Still, it is noteworthy that no state appellate decision has found criminal adultery statutes remain constitutional since Lawrence. Further, in 1992, South Carolina’s Supreme Court abolished “the ‘heart balm’ tort of alienation of affections,” finding “that the torts of criminal conversation and alienation of affections have outlived any usefulness they may have possessed in regard to preventing the dissolution of marriages.” Russo v. Sutton, 310 S.C. 200,422 S.E.2d 750, 753 (1992). Since the South Carolina Supreme Court abolished civil liability to an innocent spouse for adulterous conduct, it is unlikely that it would find the harm from adultery against an innocent spouse should lead to criminal liability.
There is also a reasonable argument that the fornication and adultery statutes violate equal protection in that they criminalize behavior for opposite sex couples that is not criminal for same sex couples. Ironically, Justice O’Connor’s concurring opinion, designed to protect the rights of homosexual couples, could be utilized to protect the rights of opposite sex couples.

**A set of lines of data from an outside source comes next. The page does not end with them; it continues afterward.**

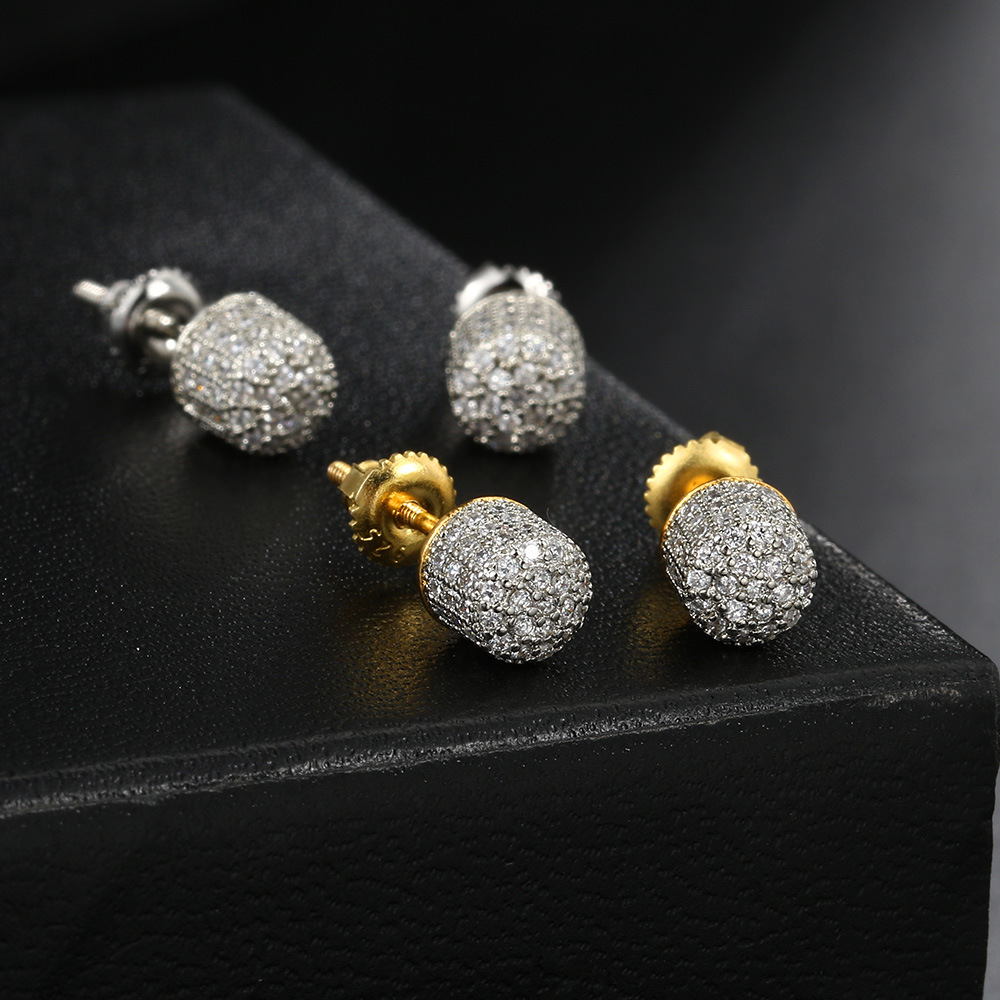 HipHop Half Round Thread Earrings for Women Micro Set AAA Zircon Party Banquet Women's Jewelry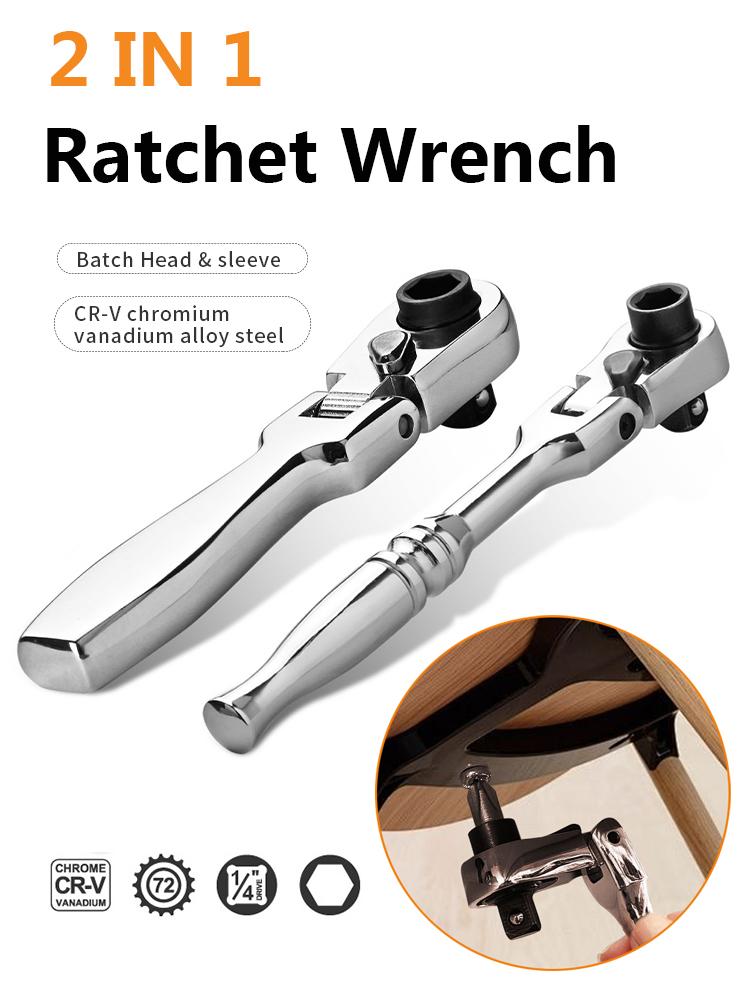 1/4 Double Ended 72 Teeth Quick Spanner Tool Screwdriver Socket Bit 2 In 1 Round Handle Ratchet Wrench DIY Home Repair Hand Tool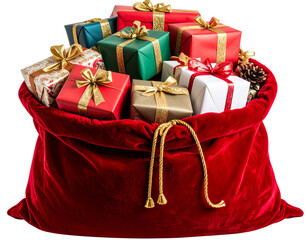 Classic Red Velvet Santa Sack with Golden Rope Tie, Full and Overflowing, Isolated PNG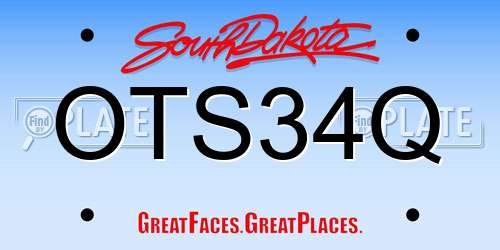OTS34Q South Dakota License Plate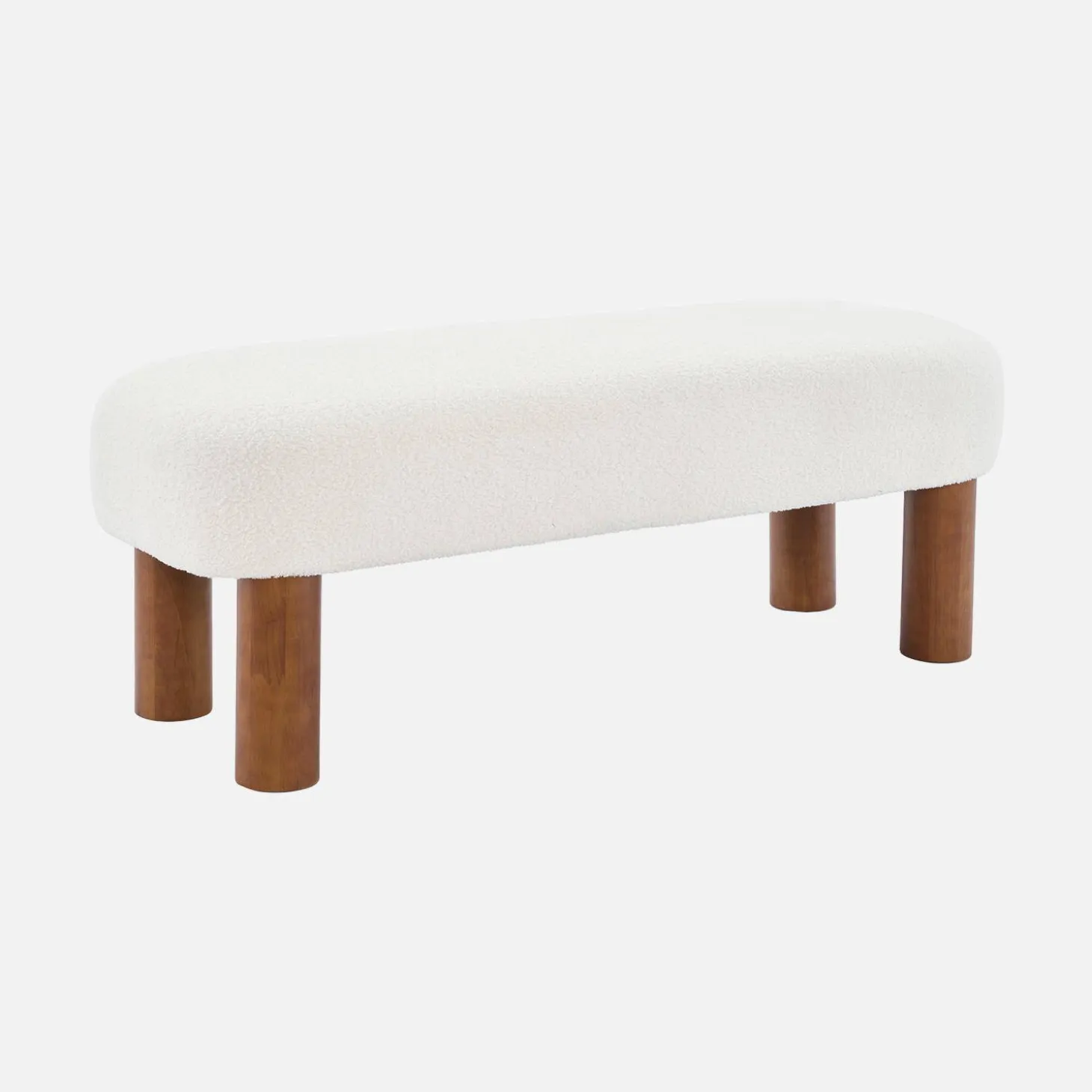 Panca in legno di gomma e tessuto bouclé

My own belief is that the family court’s imposition of restraints against exposing children to a parent’s non-marital sexual relationships has little or nothing to do with a general desire to not expose children to a parent’s illegal conduct (other than sex and drug use is there any criminal conduct the family court routinely worries about children being exposed to?). Rather, I believe, the courts issues these restraints to impose their own vision of morality, in which any non-marital sexual conduct is immoral, upon all citizens of South Carolina. However until some intrepid attorney litigates the continued viability of South Carolina’s criminal prohibitions on adultery and fornication we cannot really be certain.